All of the current crop of makers produce fine products, even Bachmann who once inhabited the cheap and cheerful end of the market now make some of the best value steamers out there. As far as I know Marklin only produce European outline, expensive but considered by many to be the best. 
Your choice is going to be governed regarding size by space you have available for a layout. A multi wheeled steamer is going to look a bit funny going round a small oval. But there's plenty of choices out there. Good luck.


----------



## James (Nov 3, 2015)

Cycleops said:


> All of the current crop of makers produce fine products, even Bachmann who once inhabited the cheap and cheerful end of the market now make some of the best value steamers out there. As far as I know Marklin only produce European outline, expensive but considered by many to be the best.
> Your choice is going to be governed regarding size by space you have available for a layout. A multi wheeled steamer is going to look a bit funny going round a small oval. But there's plenty of choices out there. Good luck.


So, if one were to do a European railroad and went with Marklin, would a 4 x 8 layout wotk?


----------



## dave1905 (Jul 7, 2013)

4-4-0's were still in use on branches and lighter passenger service lines in the 1920's and 1930's. 4-4-0's were built up to about WW1 so the would still be fairly new engines in the 1920's. 4-6-0 were very common on branches and in commuter service, especially in the east (the LI and CNJ 4-6-0's lasted until the end of steam). They were built through the 1920's.

2-8-0's were the "GP-7" of steam engines, they could be found everywhere in local, yard and light through freight service. Coal haulers would have legions of 2-8-0's.

By the 1920's the 2-8-2 was very common in through freight service, with 4-8-2's and by the 1930's 4-8-4's and 2-8-4's supplanting them in fast freight service. 

In the 1920's articulated engines would be drag freight engines, designed to slog really heavy trains through the mountains. 

The 1920's would be dominated by engine built before WW1 and the new stuff would be USRA designs. By the end of the 1930's the "super power" steam was coming on line.
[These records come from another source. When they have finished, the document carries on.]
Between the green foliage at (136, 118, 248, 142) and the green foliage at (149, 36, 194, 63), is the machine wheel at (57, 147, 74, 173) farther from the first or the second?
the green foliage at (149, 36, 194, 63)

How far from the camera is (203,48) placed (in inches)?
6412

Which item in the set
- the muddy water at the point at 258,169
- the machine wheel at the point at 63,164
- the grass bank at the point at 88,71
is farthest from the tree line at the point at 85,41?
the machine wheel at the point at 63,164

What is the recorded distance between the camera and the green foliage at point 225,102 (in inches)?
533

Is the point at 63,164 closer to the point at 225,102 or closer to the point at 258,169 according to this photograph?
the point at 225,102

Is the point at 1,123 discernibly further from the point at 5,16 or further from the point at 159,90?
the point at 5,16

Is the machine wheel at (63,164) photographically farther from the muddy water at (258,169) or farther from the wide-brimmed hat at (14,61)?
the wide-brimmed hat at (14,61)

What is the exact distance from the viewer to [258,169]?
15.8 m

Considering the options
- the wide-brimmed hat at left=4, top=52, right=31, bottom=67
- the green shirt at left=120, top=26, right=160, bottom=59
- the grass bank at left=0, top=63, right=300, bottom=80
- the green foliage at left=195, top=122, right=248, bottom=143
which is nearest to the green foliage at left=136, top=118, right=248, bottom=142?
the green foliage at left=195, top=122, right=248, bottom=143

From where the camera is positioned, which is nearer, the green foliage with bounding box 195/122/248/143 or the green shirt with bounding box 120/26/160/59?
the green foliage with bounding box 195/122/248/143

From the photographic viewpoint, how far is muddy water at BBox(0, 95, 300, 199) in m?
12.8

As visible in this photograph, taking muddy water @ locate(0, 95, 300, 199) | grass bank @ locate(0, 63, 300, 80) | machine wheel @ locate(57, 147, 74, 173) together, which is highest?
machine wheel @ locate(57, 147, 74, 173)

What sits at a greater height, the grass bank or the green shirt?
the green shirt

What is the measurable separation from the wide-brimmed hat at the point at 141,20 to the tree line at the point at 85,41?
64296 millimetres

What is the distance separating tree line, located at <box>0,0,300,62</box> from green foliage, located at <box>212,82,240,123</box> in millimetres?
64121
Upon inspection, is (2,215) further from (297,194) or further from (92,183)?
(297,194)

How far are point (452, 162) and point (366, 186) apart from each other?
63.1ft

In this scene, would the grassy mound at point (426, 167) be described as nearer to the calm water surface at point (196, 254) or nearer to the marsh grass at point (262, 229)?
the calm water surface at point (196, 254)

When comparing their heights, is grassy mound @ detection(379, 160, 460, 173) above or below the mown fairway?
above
Locomotives can last a lot longer than 40 years, they tend to be rebuilt a lot. The practical limit is somewhat moot since any locomotives built after 1900 would only last maybe 50 years because regardless of how serviceable it was, all steamers were retired in the 1950's.


----------



## EMD_GP9 (Jun 19, 2012)

Hi James.
One thing to be aware of if choosing Marklin is that it is a 3-rail system and not 2-rail as is common these days.
Also the system uses AC current and not DC as (again) is common now.
The effect is that you have to use Marklin track and probably controllers ( there is some compatibility now with DCC in modern Marklin digital) and the choice of locos and rolling stock is limited to their own offerings and a few other european manufacturers that make compatible locomotives and rolling stock.
Some U.S models are made but a very limited range is available and because of the very course wheel standards used most other manufacturers 2-rail rolling stock will work but have trouble with facing points ! Marklin rolling stock has un-insulated axles so will not work on 2-rail tracks.
If you look at the "SCARM" posts on this forum or website you will find a selection of track layouts for various size baseboards for Marklin if you want to go that route and also other layouts that may give you ideas.
No connection to marklin or SCARM.
Hope this helps. 
Colin.


----------



## James (Nov 3, 2015)

EMD_GP9 said:


> Hi James.
> One thing to be aware of if choosing Marklin is that it is a 3-rail system and not 2-rail as is common these days.
> Also the system uses AC current and not DC as (again) is common now.
> The effect is that you have to use Marklin track and probably controllers ( there is some compatibility now with DCC in modern Marklin digital) and the choice of locos and rolling stock is limited to their own offerings and a few other european manufacturers that make compatible locomotives and rolling stock.
> ...


Thank you Colin. You have been a huge help. As cool as doing a European railroad sounds, from what you said that is out of the question now. I will definitely have to check out the layouts. Thanks so much again, Colin.

James


----------



## Cycleops (Dec 6, 2014)

I believe that Marklin do also produce a two rail system and locos. You need to check it out. If you want to use their locos with another system rather than their own it's a lot of faffing about and I don't know if you think it's worth it. I also believe their own system is not NMRA compliant so using other makes of engines might be a problem.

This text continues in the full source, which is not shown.